A “tourist,” writing to the Peoria Transcript in 1859, gives the following sketch of Frederick and Rushville, which even if not complimentary, is interesting after 60 years.
Frederick, Schuyler county, is a landing on the Illinois river, four miles above Beardstown, contains about 150 inhabitants, stands with its feet in the mud during the greater portion of the year, and when I passed here a year ago only its head was out of water. Just now, however, it shows its entire body and may be seen in its most favorable aspect. I mean by this that the weeds are allowed to grow in the bottom, that the frogs are permitted to sing undisturbed in the sluices, and the neighbors to call upon each other without going in a skiff. In short, the water in the river has sunk into its own proper bed and the mosquitoes and business are prospering. The place is principally owned by the brothers C. and M. Farwell, two enterprising men, who by dint of perseverence and sharp trading have succeeded in amassing a handsome fortune. Money, I am told, is scarce here. The only currency in actual circulation consists of barrel staves, but the freight received and shipped at the landing furnishes considerable of a business item.

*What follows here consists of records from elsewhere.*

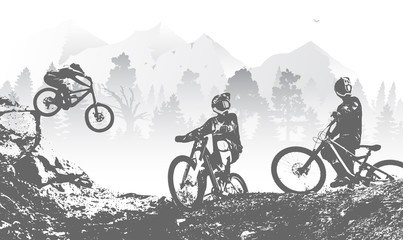Naklejka na ściany i meble Downhill mountai biking freeride and enduro illustration. Bicycle background with silhouette of downhill riders in mountain.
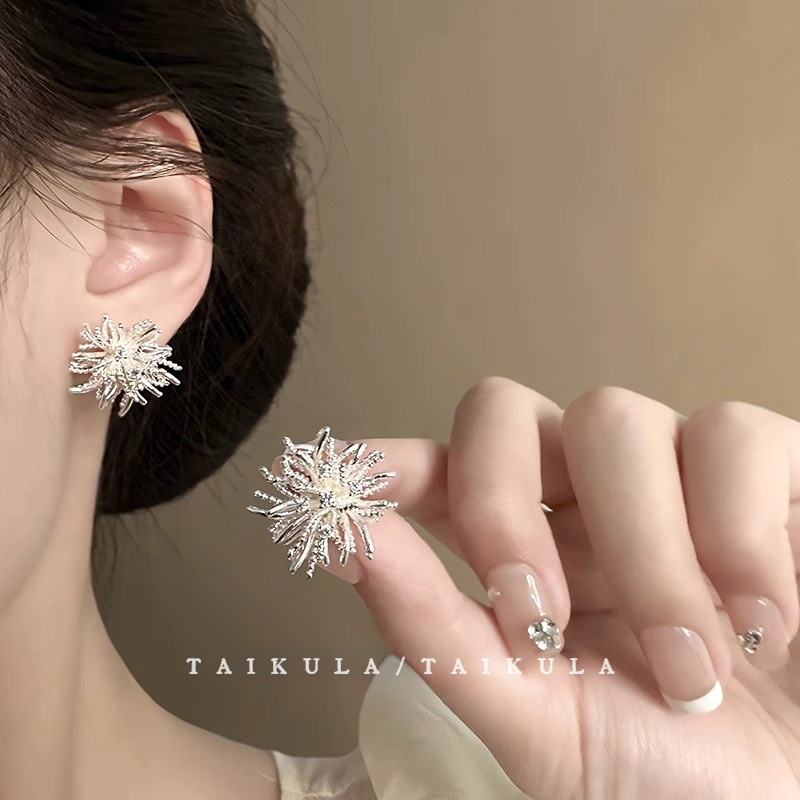 夸张蒲公英耳钉925银针耳环2025新款爆款高级感耳饰轻奢小众气质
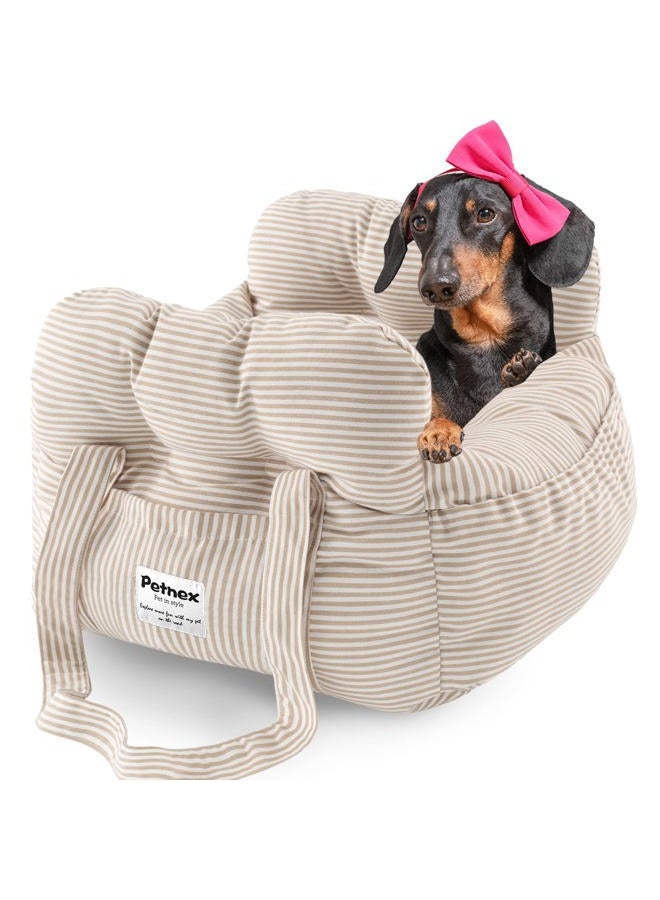 PETNEX Dog Car Seat for Small Dogs, Portable Puppy Car Seat of Easy Installation, Fashionable Pet Carrier Bag with Large Pockets, Machine Washable Dog Booster Seat (Striped Khaki) - Image 1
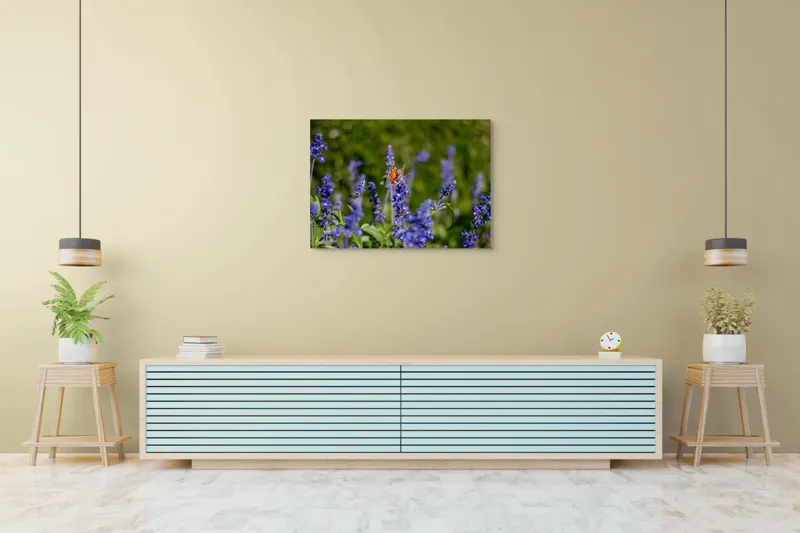 Tablou Canvas, "Fluture pe flori de lavandă", Fluturi, Lavandă, Verdeață, Primăvară, Natură., 100 x 70 cm – poza 4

My business was at Rushville, ten miles distant, plank road all the way. The intervening county is sandy, soil very thin, wood abundant forest birds innumeral. Good Mr. Black, mine host of the Frederick House, the father of 22 children, all by one wife (and who is, apparently, good for more additions to the flock), furnished me with a horse, buggy and driver, all for a two dollar bill.
I found Rushville ensconced among the woods upon high ground, and its chief glory is evidently its ripe old age. The buildings are poor, many of them dilapidated, and the evident character of the place slow, sober and seedy. It resembles many of the old mountain towns of New England in its appearance, and is such a place as quiet, old-fashioned, but respectable and substantial people, who believe more in meeting houses and ministers than they do in modern enterprises, would naturally delight to live in. The fact that it is the county seat of Schuyler county gives it its chief importance. Here are assembled some ten or a dozen limbs of the law, ready always if not eager to pluck the pockets of such farmers as are unfortunate enough to get caught in the meshes of litigation.
Rushville is the home of P. H. Walker, one of the judges of the supreme court. He is a plain man, lives in a plain, sensible style, and in urbanity, integrity and distinguished ability has few superiors among the lawyers of the west.
The crops in this section look very promising. I saw several good fields of winter wheat, nearly ready to harvest. Spring wheat and oats look well and corn is fresh, fine and growing rapidly.